Faute de preuves, les inculpés sont le plus souvent acquittés. Ainsi, les 12 personnes arrêtées en lien avec la plainte locale déposée en 2012 ont toutes été relâchées. Les 65 personnes interpellées à Swat en 2013 dans les neuf cas recensés attendent que la justice décide de leur sort.

Pour Samar Minallah, documentariste pakistanaise ayant consacré un film aux fillettes aux destins scellés par des mariages forcés, rien ne changera tant que la police et les procureurs ne remettront pas en cause l'autorité des chefs de village, une tâche herculéenne dans les campagnes du pays.

"Les autorités doivent prendre des mesures strictes contre les +jirga+ pour les empêcher de violer la loi", qui protège les femmes, exhorte-t-elle.

Si un nombre croissant de familles pakistanaises dénoncent le "swara", cette pratique controversée trouve encore son lot d'apôtres dans le pays.
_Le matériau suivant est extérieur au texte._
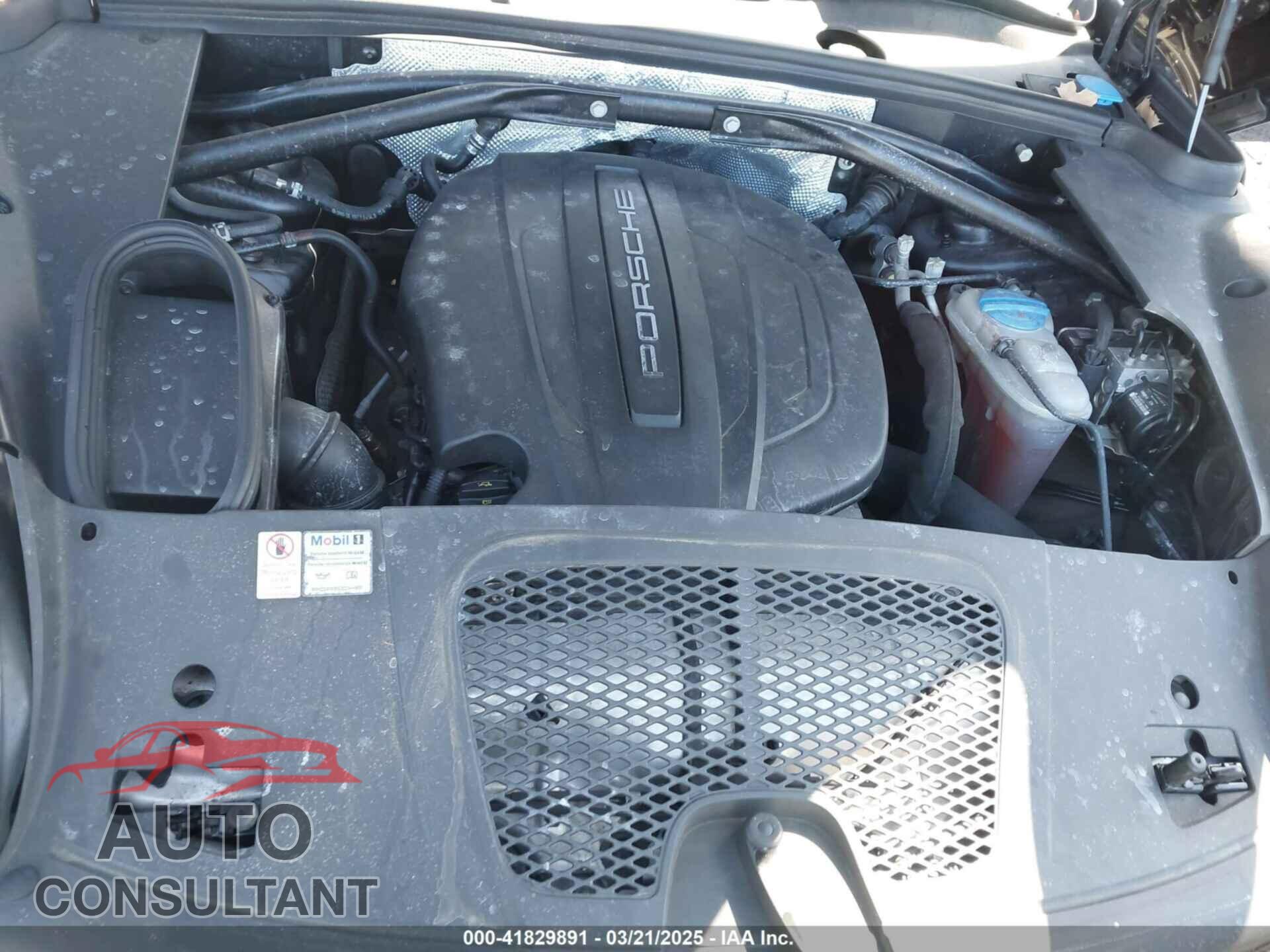 PORSCHE MACAN 2017 - WP1AA2A50HLB00017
"Sauver des dizaines de vies"

"C'est une pratique très utile car elle permet de sauver des dizaines de vies et de ramener la paix entre les familles en apaisant les hostilités meurtrières", pense ainsi Syed Kareem Shalman, un avocat de Mingora.

A moins que cela ne nourrisse les conflits et le marchandage de fillettes sans fin. Car que se passera-t-il si le mari de Sapna, la cousine de Saneeda donnée en "swara", se met à la maltraiter? La famille de Sapna pourrait alors réclamer vengeance.... ou être à son tour compensée par une "swara".